IMF / Fiscal Monitor Report April 2021 Forecast
Unprecedented fiscal support by governments during the pandemic has prevented more severe economic contractions and larger job losses, but risks remain of long-term scarring the International Monetary Fund says in its Fiscal Monitor report released on Wednesday (April 7) in Washington, DC.
Meanwhile, such support, along with drops in revenues, has raised government deficits and debt to unprecedented levels across all country income groups, said Vitor Gaspar, Director of the Fiscal Affairs Department at the IMF.
“The first lesson one year into COVID-19 is that fiscal policy can act timely and decisively. The fiscal policy response was unprecedented in speed and size looking across countries. We also learned that countries with easier access to finance or stronger buffers were able to give more fiscal support. They’re also projected to recover faster,” said Gaspar.

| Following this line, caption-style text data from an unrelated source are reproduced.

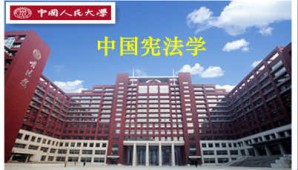 中国宪法学视频教程 韩大元 56讲 中国人民大学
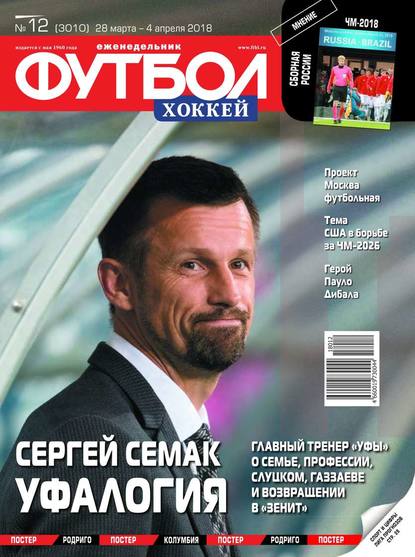 Скачать книгу Футбол. Хоккей 12-2018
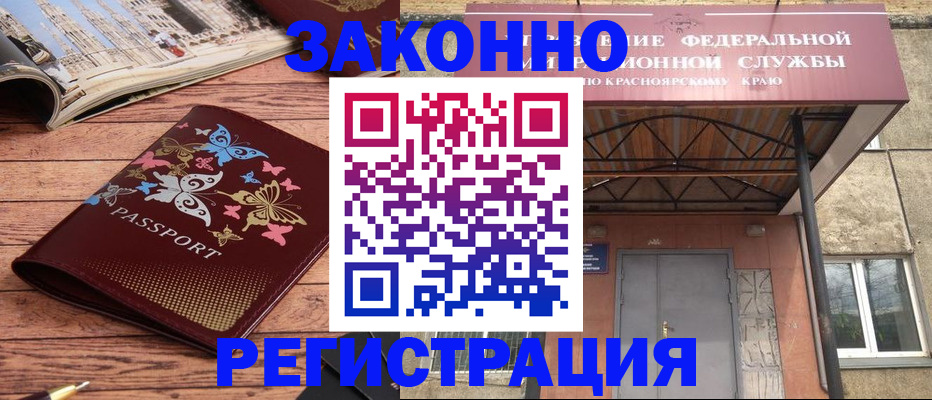 прописка поиск в Чегеме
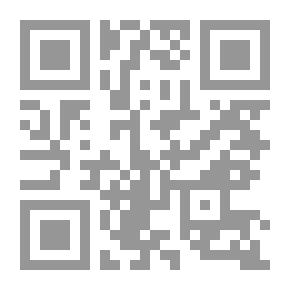 Qr Code إنتاج الخضر المركبة والخبازية والقلقاسية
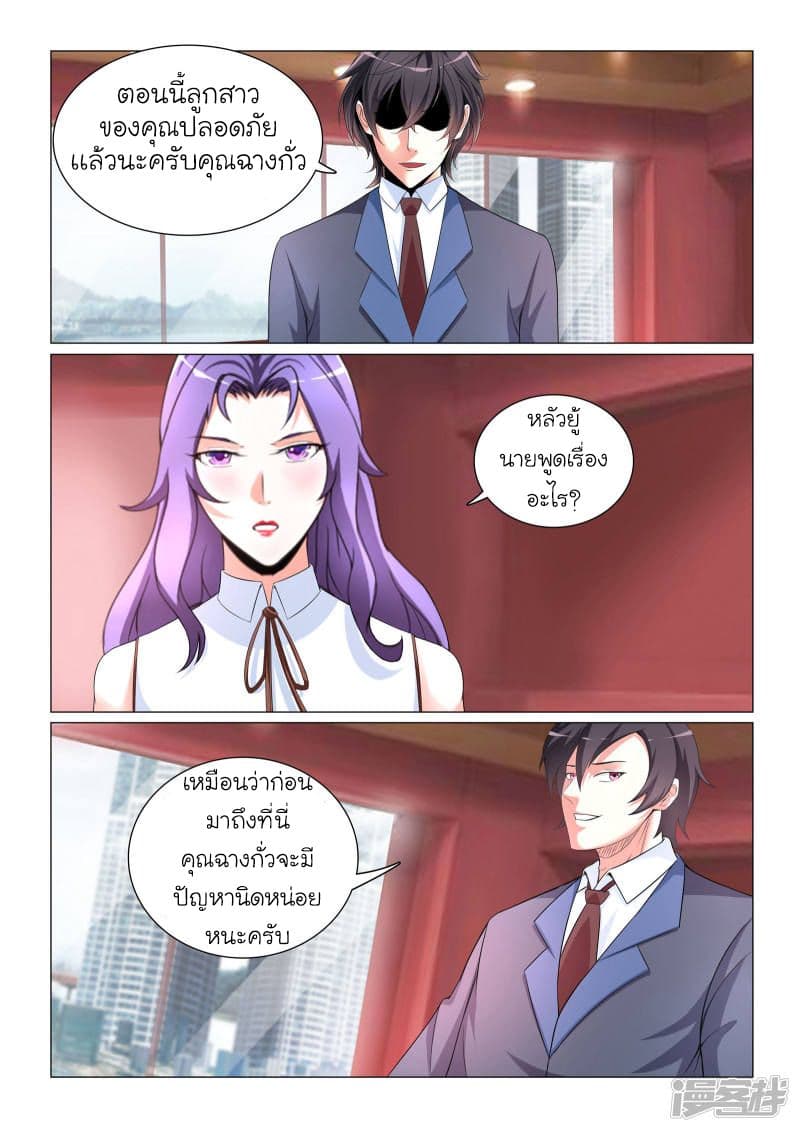 Urban Super-Soldier page 2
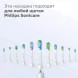 Насадка для электрической зубной щетки Philips Sonicare HX9044/17, 4 шт. в Волгограде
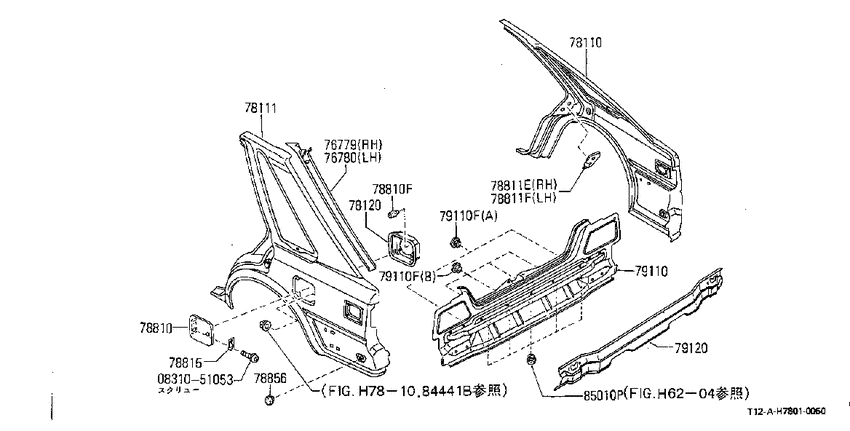 Rear body panel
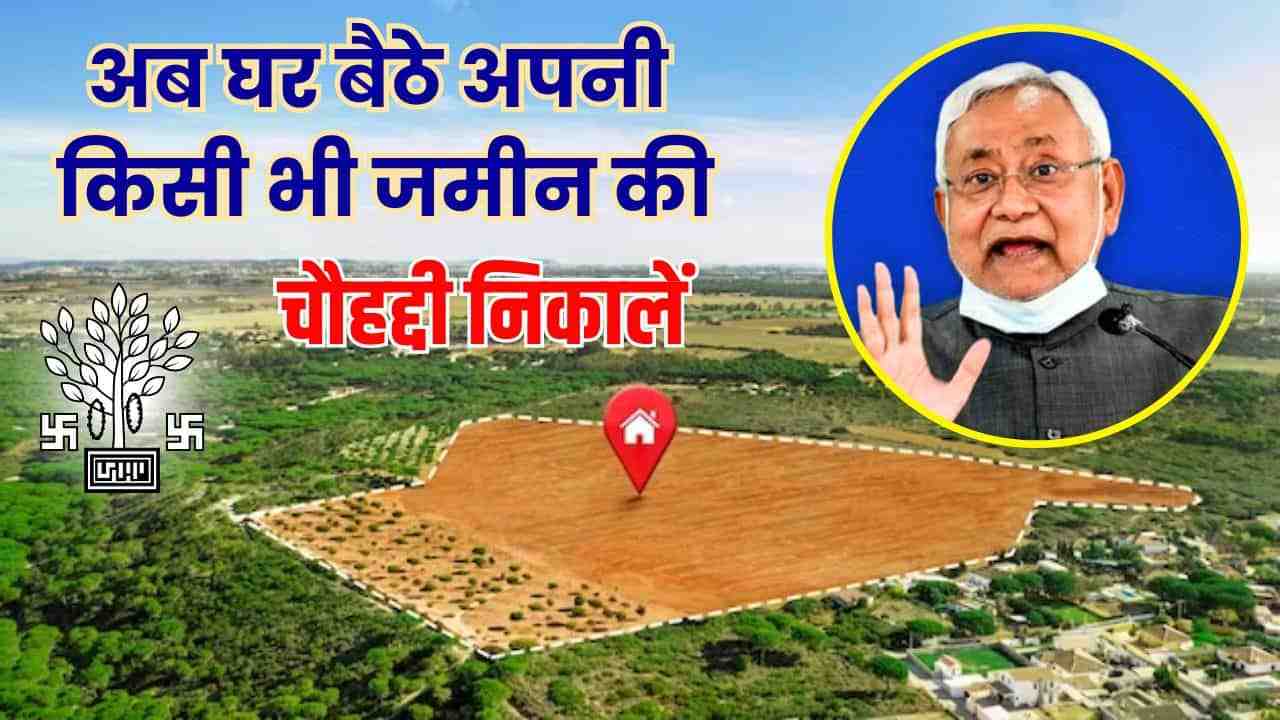 Bihar Online Jamin Chauhadi Kaise Nikale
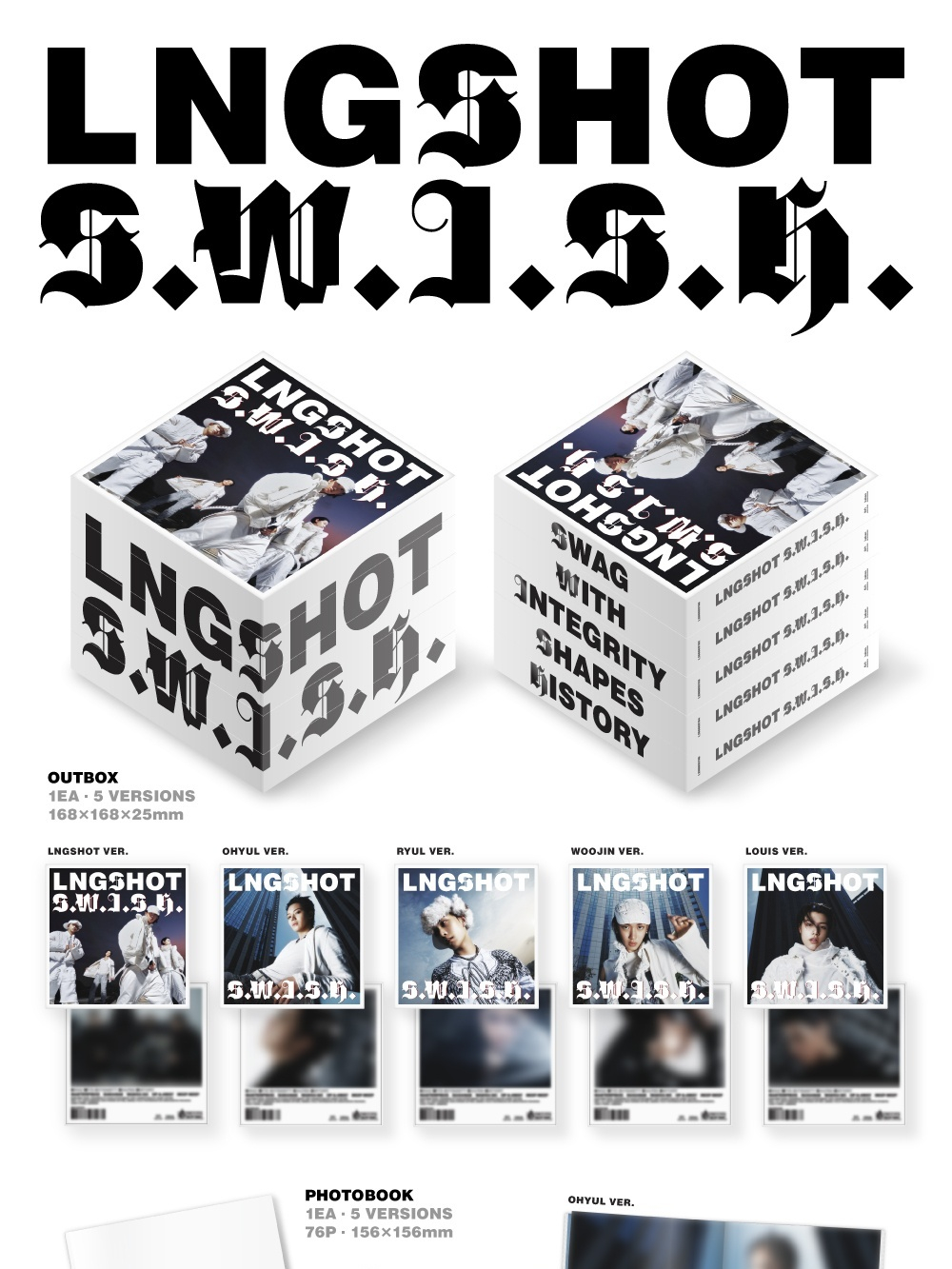 (ПРЕДЗАКАЗ) Альбом LNGSHOT - S.W.I.S.H. EP Album STANDARD RANDOM Version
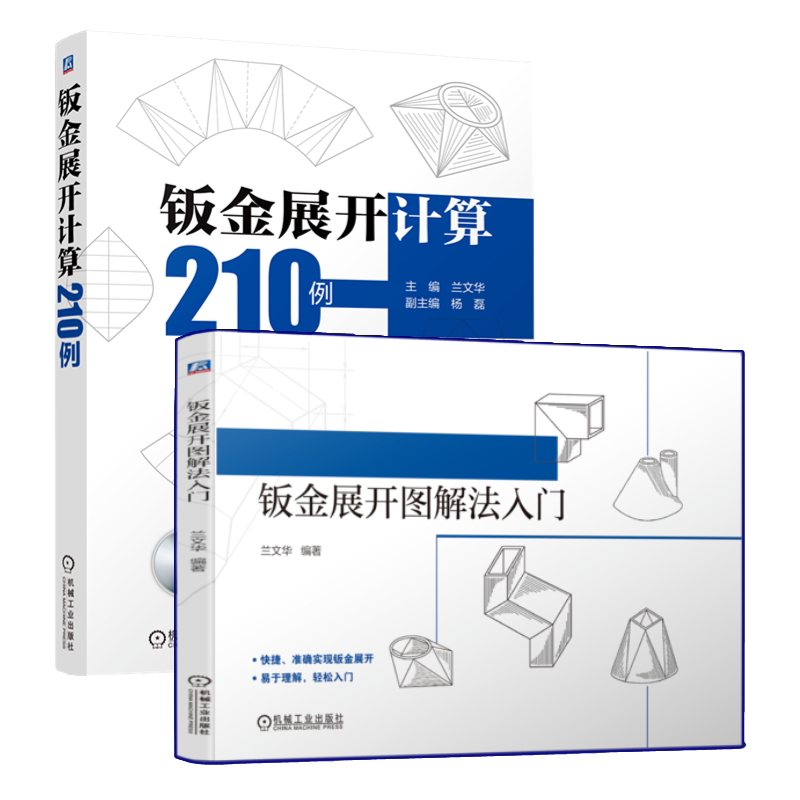 机械工业出版社官网正版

Average overall deficits as a share of GDP in 2020 reached 11.7 percent for advanced economies, 9.8 percent for emerging market economies, and 5.5 percent for low-income developing countries. Countries’ ability to scale up spending has diverged.
“So, what have we learned? We’ve learned that fiscal policy is powerful and that sound public finances are crucial in order to enable that power to be used to the fullest,” stressed Gaspar.
Gaspar urged policy makers to balance the risks from large and growing public and private debt with the risks from premature withdrawal of fiscal support, which could slow the recovery.
“In the spring 2021, we emphasize differentiation across countries. Moreover, COVID-19 is fast evolving, as are the consequences from COVID-19. The fiscal policy must stay agile and flexible to respond to this fast-evolving situation.” Said Gaspar.
He also warned that the targeting of measures must be improved and tailored to countries’ administrative capacity so that fiscal support can be maintained for the duration of the crisis—considering an uncertain and uneven recovery
“Moreover, countries are very different in their structures, in their institutions, in their financial capacity and much else. Therefore, policies and policy advice have to be tailored to fit.” Said Gaspar
Gaspar concluded his remarks by emphasizing that global vaccination is urgently needed, and that global inoculation would pay for itself with stronger employment and economic activity, leading to increased tax revenues and sizable savings in fiscal support.
“A fair shot, a vaccination for everybody in the world may well be the highest return global investment ever. But the Fiscal Monitor also emphasizes the importance of giving a fair shot at life success for everyone. It documents that preexisting inequalities made COVID-19 worse and that COVID-19 in turn made inequalities worse. There is here a vicious cycle that threatens trust and social cohesion. Therefore, we recommend stronger redistributive policies and universal access to basic public services like health, education, and social security,” said Gaspar.